- [AIM OF THE EXERCISE]: Return, word for word, every line starting at the line with "Mini stylo bille" and ending at the final line of the entries; skip the pictures.

- [DATA IN THIS EXERCISE]:
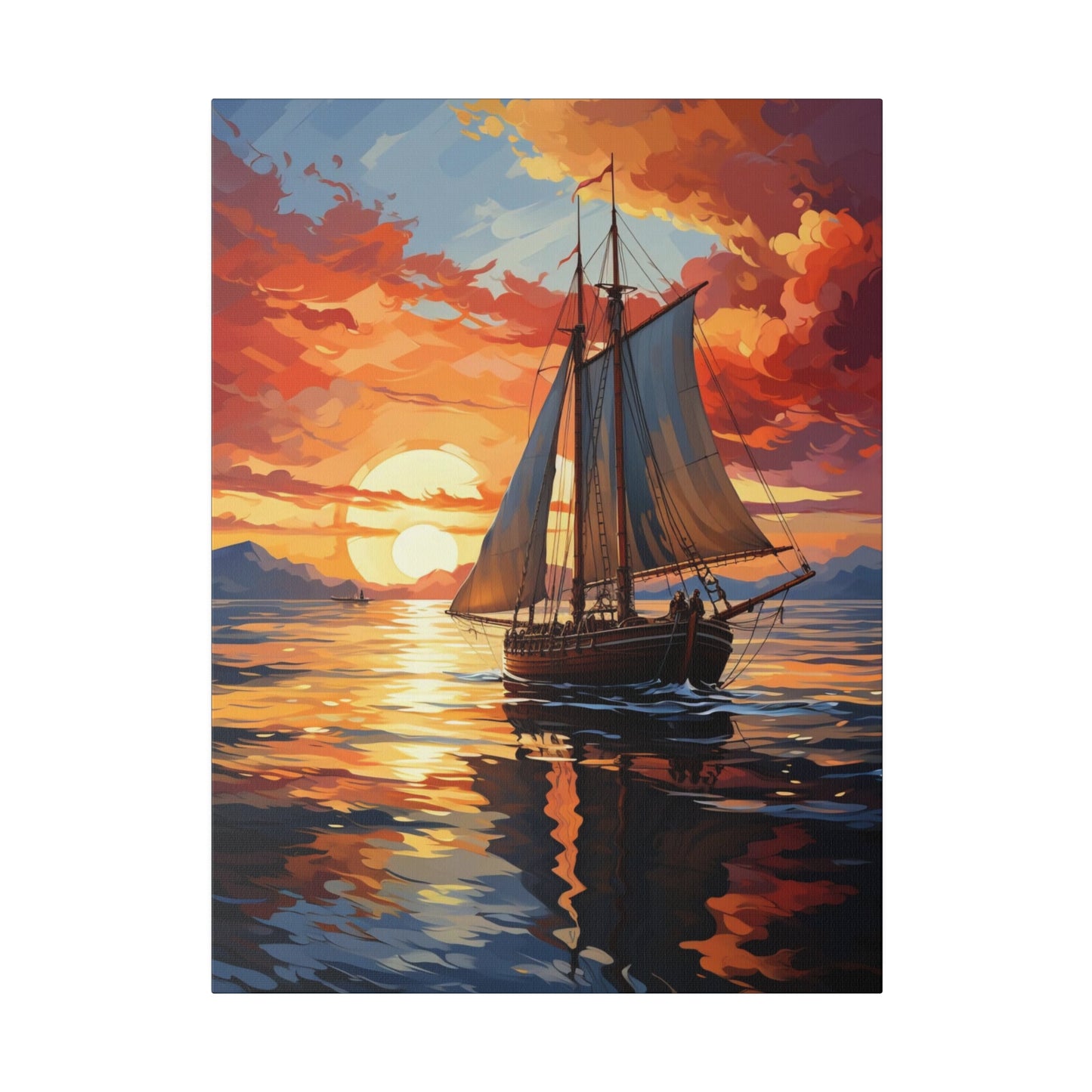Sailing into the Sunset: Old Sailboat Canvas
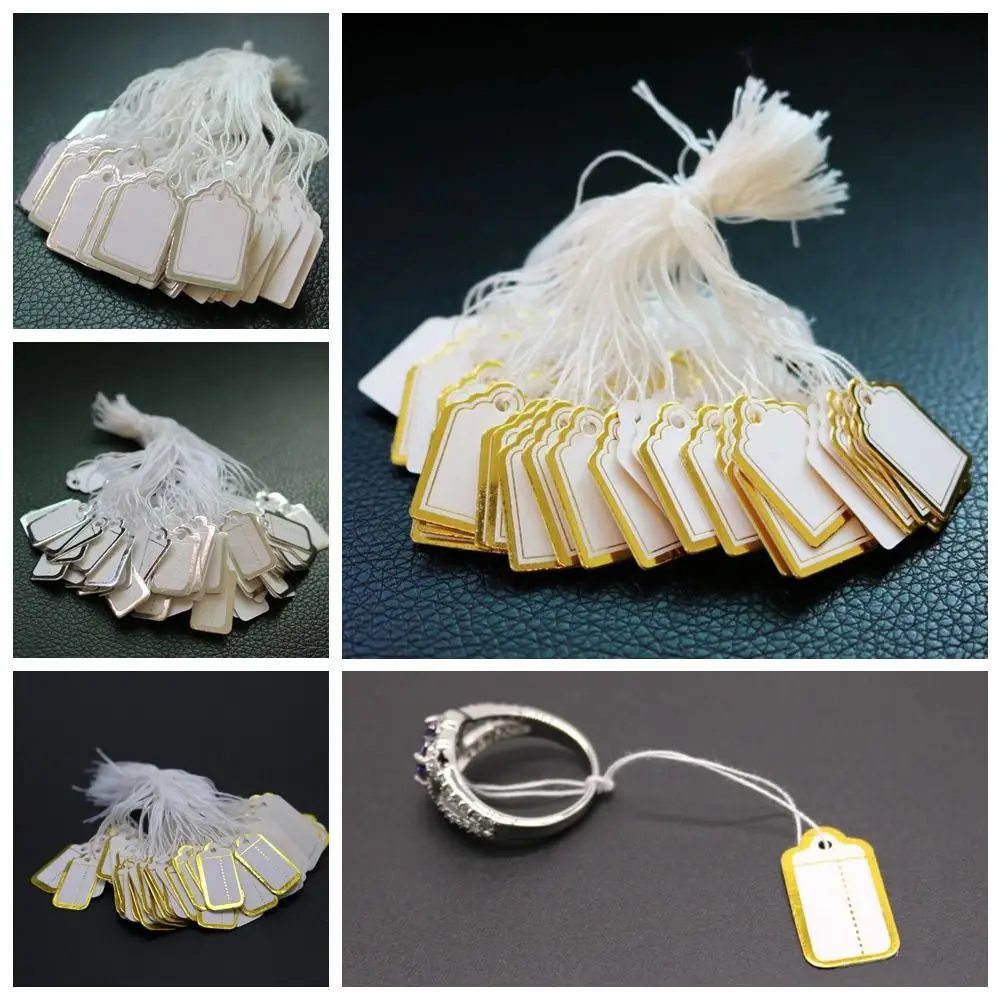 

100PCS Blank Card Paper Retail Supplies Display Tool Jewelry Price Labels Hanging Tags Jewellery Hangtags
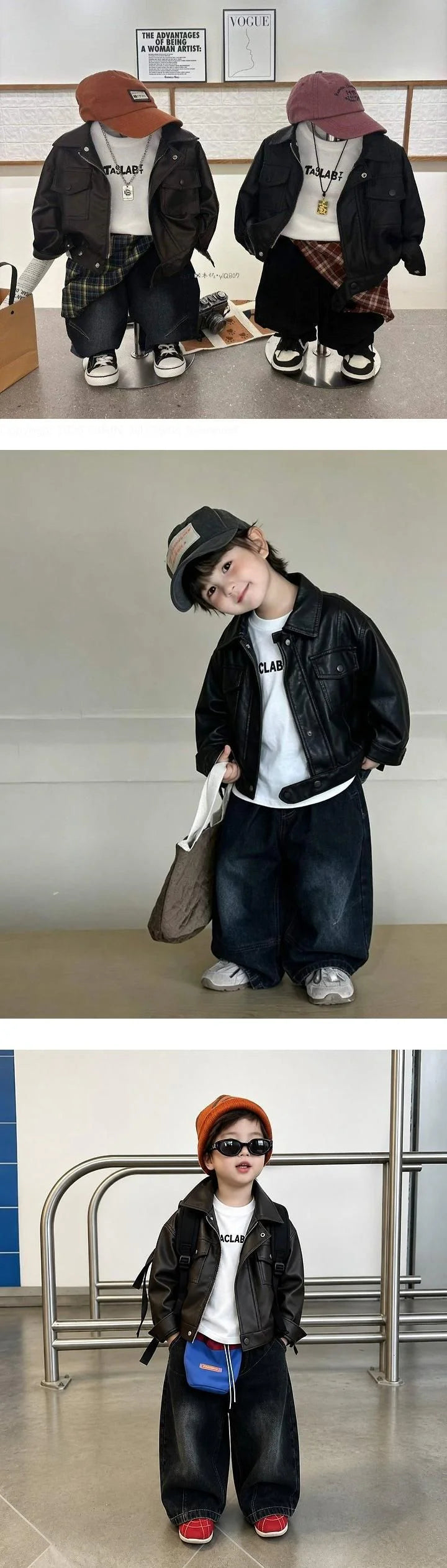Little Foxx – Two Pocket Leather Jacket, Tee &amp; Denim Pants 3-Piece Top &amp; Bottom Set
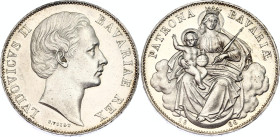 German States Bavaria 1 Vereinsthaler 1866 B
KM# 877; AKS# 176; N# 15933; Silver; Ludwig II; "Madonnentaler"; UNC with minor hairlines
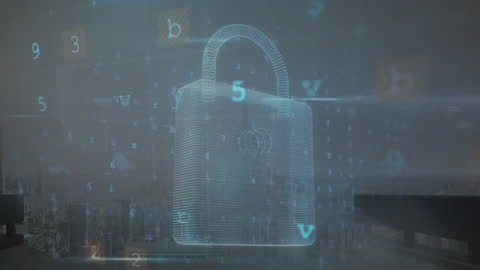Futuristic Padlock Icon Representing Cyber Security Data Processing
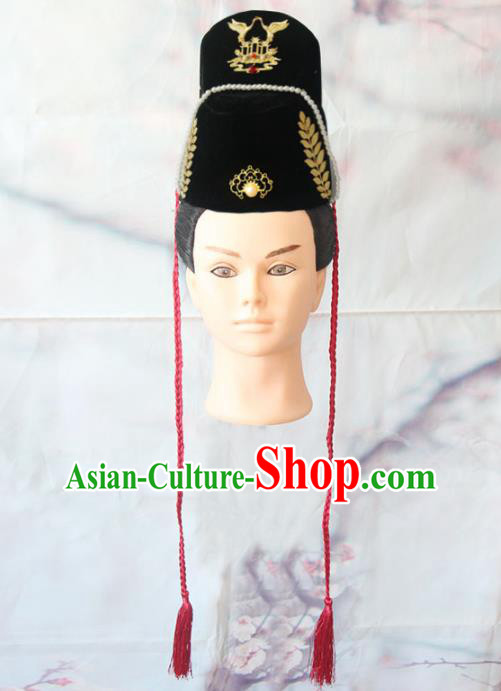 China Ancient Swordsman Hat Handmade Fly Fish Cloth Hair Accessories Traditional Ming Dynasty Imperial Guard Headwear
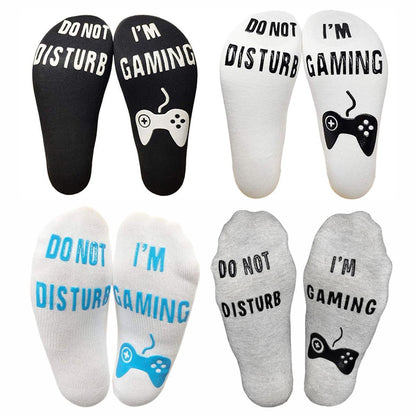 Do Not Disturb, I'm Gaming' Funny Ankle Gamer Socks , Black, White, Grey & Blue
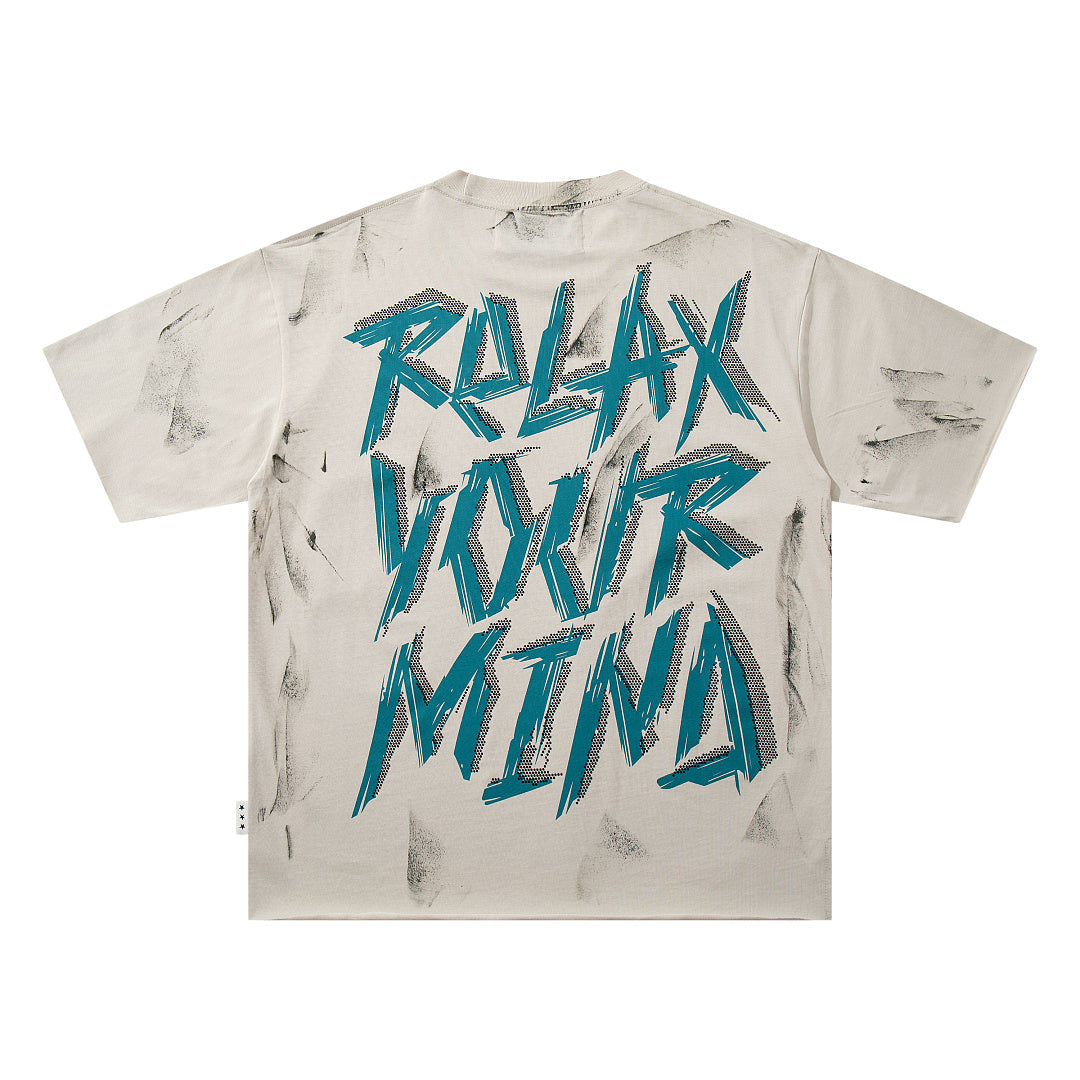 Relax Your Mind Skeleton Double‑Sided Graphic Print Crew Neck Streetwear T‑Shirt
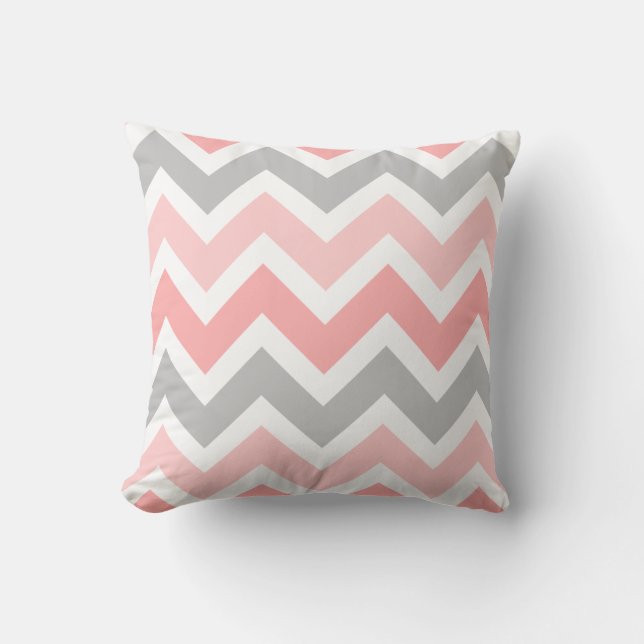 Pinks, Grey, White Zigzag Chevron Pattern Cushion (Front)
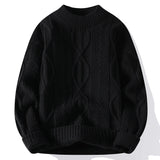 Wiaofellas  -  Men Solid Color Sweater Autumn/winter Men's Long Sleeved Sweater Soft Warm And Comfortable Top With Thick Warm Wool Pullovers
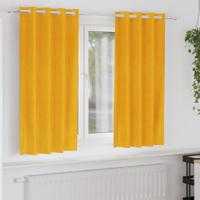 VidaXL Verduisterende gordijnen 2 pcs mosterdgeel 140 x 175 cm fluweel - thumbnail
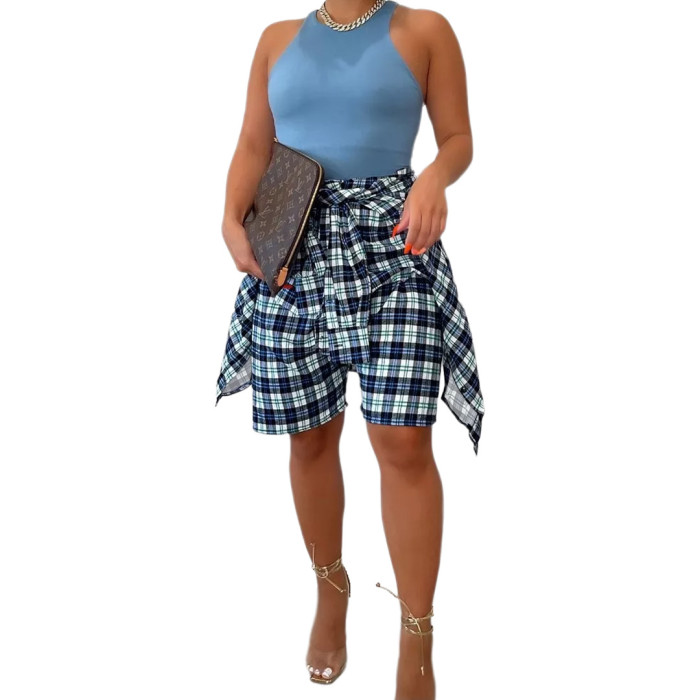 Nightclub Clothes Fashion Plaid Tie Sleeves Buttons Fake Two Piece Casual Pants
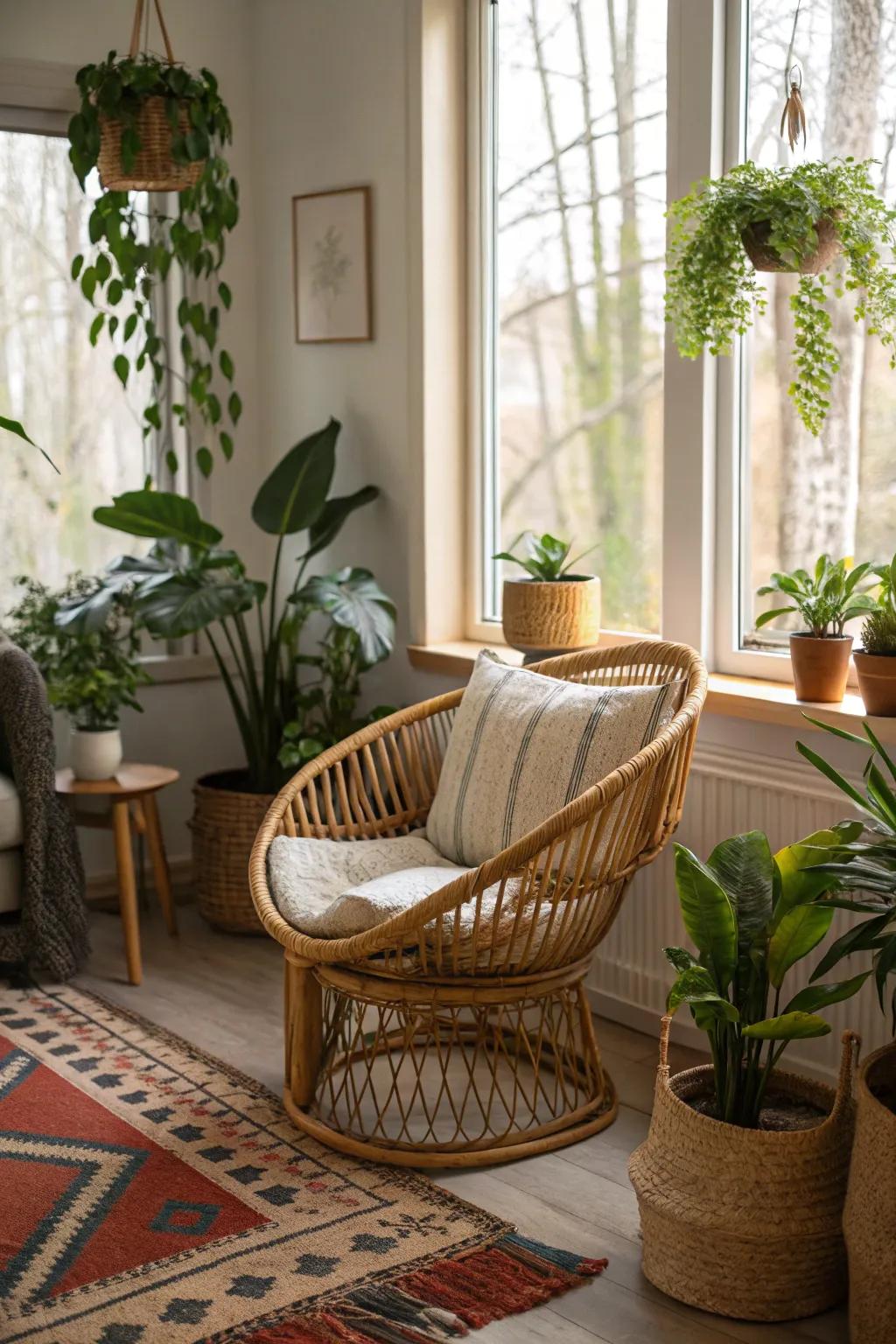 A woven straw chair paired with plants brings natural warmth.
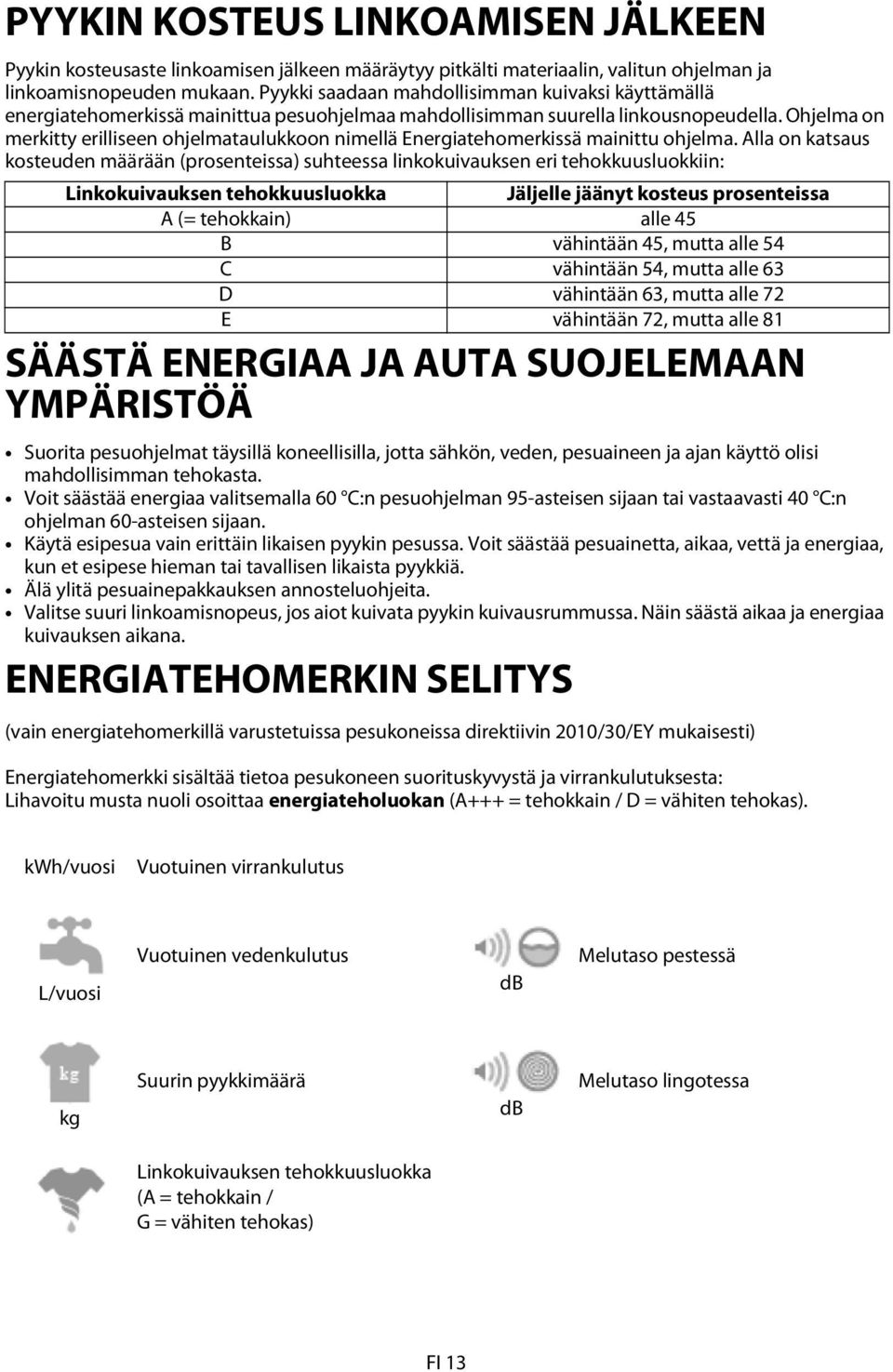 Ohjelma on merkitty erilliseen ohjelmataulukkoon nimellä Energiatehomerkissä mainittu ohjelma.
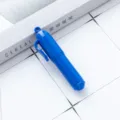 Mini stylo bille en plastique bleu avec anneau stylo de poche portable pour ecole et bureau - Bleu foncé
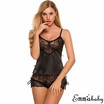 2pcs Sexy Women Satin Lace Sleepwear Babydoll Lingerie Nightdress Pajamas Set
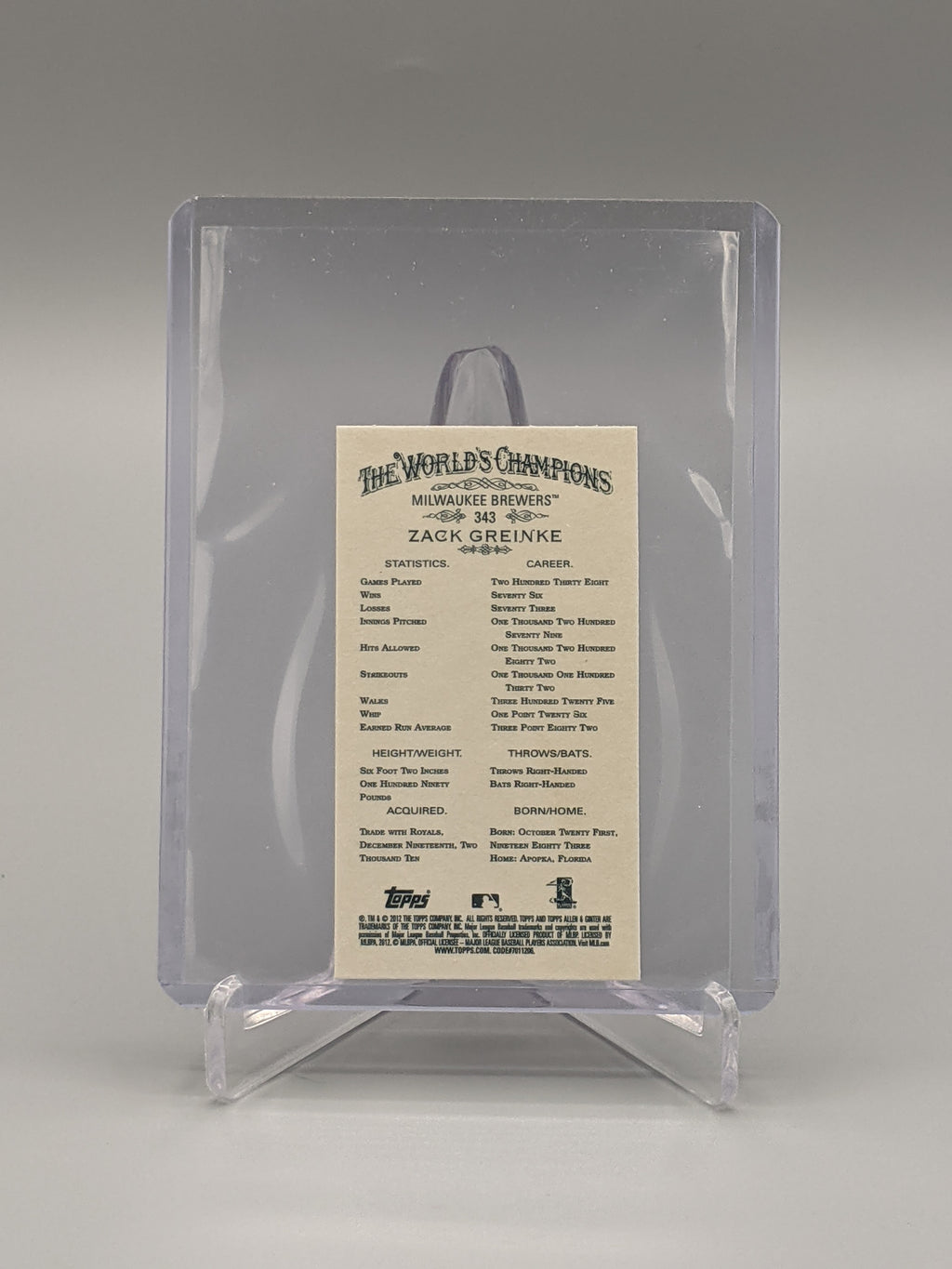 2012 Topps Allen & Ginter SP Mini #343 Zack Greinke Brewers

- [REPLY]:
 Mini stylo bille en plastique bleu avec anneau stylo de poche portable pour ecole et bureau - Bleu foncé
 2pcs Sexy Women Satin Lace Sleepwear Babydoll Lingerie Nightdress Pajamas Set
 2012 Topps Allen & Ginter SP Mini #343 Zack Greinke Brewers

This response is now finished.